Draft: Add amdgpu hsakmt native context support for enable OpenCL based on AMD ROCm stack
Background:
This idea comes from virtgpu-native-context for mesa graphics virtgpu-native-context: Add msm native context.
The hsakmt is like drm in amdgpu ROCm compute stack, trying to make guest use native libhsakmt driver to enable amdgpu ROCm compute stack.
Currently the OpenCL is in progress. The libhsakmt is totally different with libdrm, more modifications is needed and this draft MR is in very early stage as far as I can see.
Implementation details:
- Add libhsakmt backend, amd rbtree for memory management, new blob flag and create function.
- Libhsakmt needs userptr feature that use the user space memory directly, called SVA/SVM generally, and the guest system memory need access by host libhsakmt directly, this is the first challenge in implementation. The implement of WSL GPADL (Guest Physical Address Descriptor Lists): WSL-GPADL is referenced, the guest user memory used in hsakmt native context is not moveable so that the backend driver and GPU hardware can access them with no data error. And we have a plan to bypass mmu notifior message into backend let guest user memory pin free.
- The libhsakmt bo is address based not handle based different with libdrm. And the ROCm runtime submit the command use the libhsakmt bo address in guest directly. So we need mirror the guest address and host address this is the second challenge, the rbtree is used for manage the libhsakmt bo address keep all the bo address from libhsakmt is same with the guest address in reversed memory range.
- The most difference between libhsakmt and libdrm is libhsakmt doesn't return file handle when open device. Libhsakmt ties with the process this is the third challenge. So different guest process share one real libhsakmt backend. And we are trying to modify the libshakmt let it support multi handle in one preocess. Or maybe trying to create a multi process backend stack is better.
V2:
- Add VA check in some APIs need virtual address.
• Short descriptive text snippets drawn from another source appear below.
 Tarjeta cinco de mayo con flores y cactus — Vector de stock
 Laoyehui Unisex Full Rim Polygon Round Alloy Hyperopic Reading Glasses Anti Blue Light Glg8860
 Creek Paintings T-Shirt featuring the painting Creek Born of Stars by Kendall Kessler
- Add malloc check in all response malloc path.
- Add failed/error handling in vamgr.
- Remove
hsakmt_set_frag_free
andhsakmt_set_frag_used
in vamgr - Remove all bool, void* in proto.
- Add pad, static size check, -Wpadded in proto.
- Use drm_* for logging.
- Abort when dereserve fail.
- Bypass some error return value into guest UMD.
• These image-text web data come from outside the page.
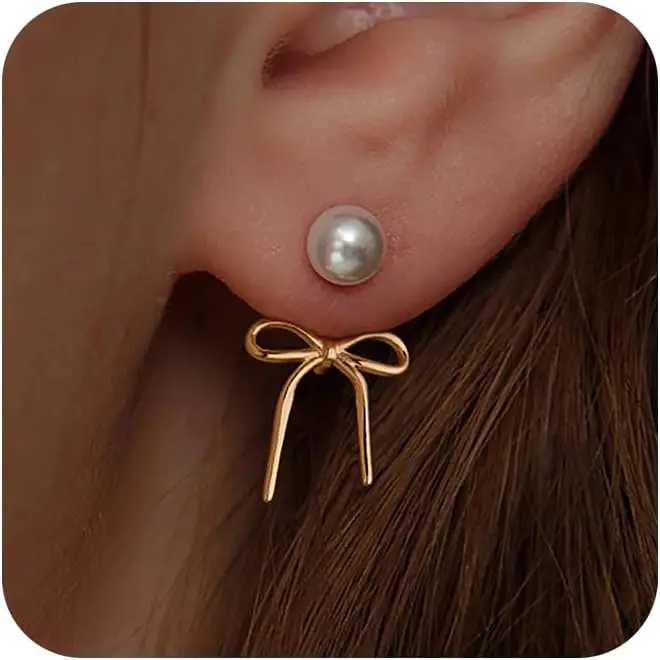 Pearl Earrings for Women Trendy 14K Gold Plated/Silver Bow Pearl Huggie Ear Jackets Cubic Zirconia Jewelry Gifts for Teen Girls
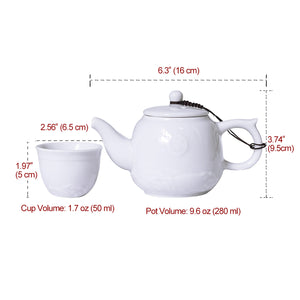 [product type] | Dahlia Porcelain Soft Color Pastel Tea Set (Teapot w. Strainer + 6 Tea Cups) in Gift Box | Dahlia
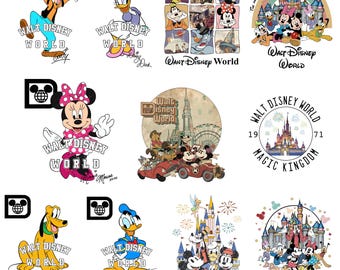 Disney Family Vacation PNG Bundle, Retro Walt Disney World Shirt Design, Vintage Mickey Minnie Goofy Pluto, Magic Kingdom Digital Download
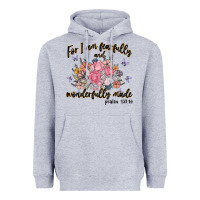 Heather Grey for i am fearfully and wonderfully made Heavyweight Hoodie - MaliasSmallBusiness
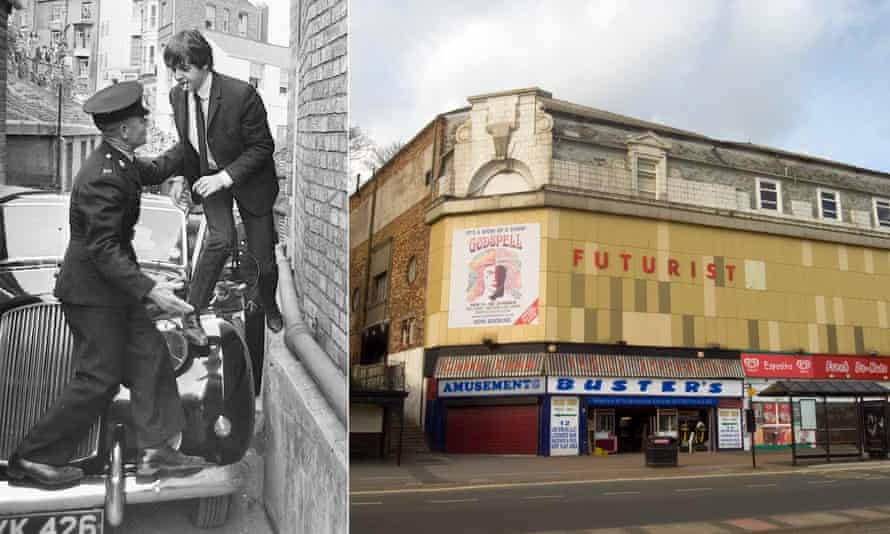 Paul McCartney arrives at the Scarborough Futurist for a Beatles gig in 1964, and the theatre exterior in 2008.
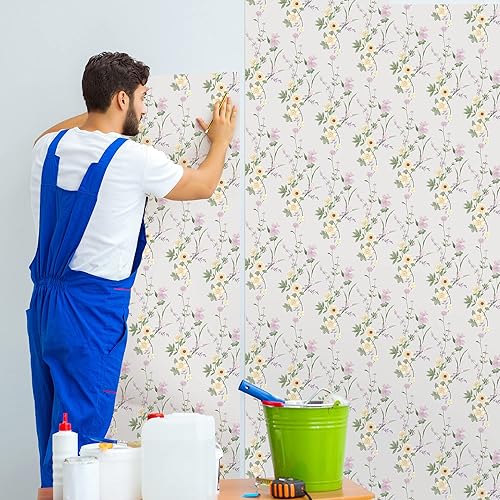 Miniatura 7 de LiveGallery Papel tapiz de flores amarillas, papel tapiz de hojas verdes, papel tapiz extraíble para dormitorio, cuarto de bebé, sala de estar, TV,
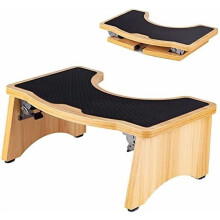 Tabouret de toilette en bois naturel, marchepied antidérapant de 18 cm.
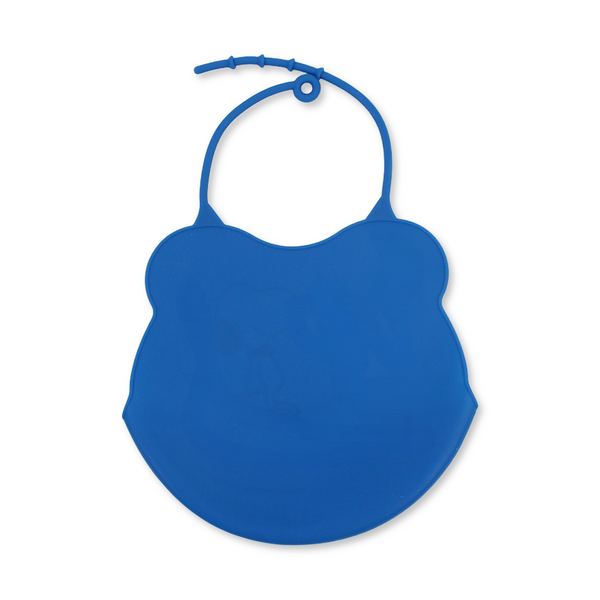 La Frutta Silicone Baby Bib with Pocket – Blue with Snoopy Print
- Add bound check in some commands.
- Modify meson build, libhsakmt backend requires drm and amdgpu drm now.
- Modify code format into current style.
V3:
- Use va_handle for guest blob mampped resource creating.
- Fix VHSAKMT_CCMD.
- Add else do { } while (false) in VHSA_CHECK_VA.
- Fixe fail handling path in VHSAKMT_CCMD_QUERY_TILE_CONFIG.
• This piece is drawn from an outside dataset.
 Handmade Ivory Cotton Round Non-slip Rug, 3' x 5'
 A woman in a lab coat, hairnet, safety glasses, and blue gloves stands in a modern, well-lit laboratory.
- Add new flag to ensure the AQL r/w memory free after AQL queue and guest BO.
V4:
- Use drm_context functions in hsakmt device, but use vhsakmt_context* to replace drm_context* solution for further upgrade.
- Add hsakmt_util.h to reuse drm_log or use it's own vhsa_log.
- Add hsakmt_vm.c put virtual address manager in it.
- Add vhsakmt backend for initializing vamgr.
- Add libhsakmt virtio feature apis, rely on HSAKMT_VIRTIO to enable or disable.
- Add hsakmt_hw.h for reuse drm_hw.h .
TODO:
- Modify the capset id.
- Mofidy the native context reference code make them close to DRM helper.
- Add HW version check.
- Modify the rbtree code copyright notice.
- Maybe use typedef to reuse drm_context* functions is better, need discuss.
Performance:
Got 97% (13000/13300) performance vs bare metal in Geekbench6 by using OpenCL API in Xen hypervisor. The OpenCL CTS basic test all passed currently.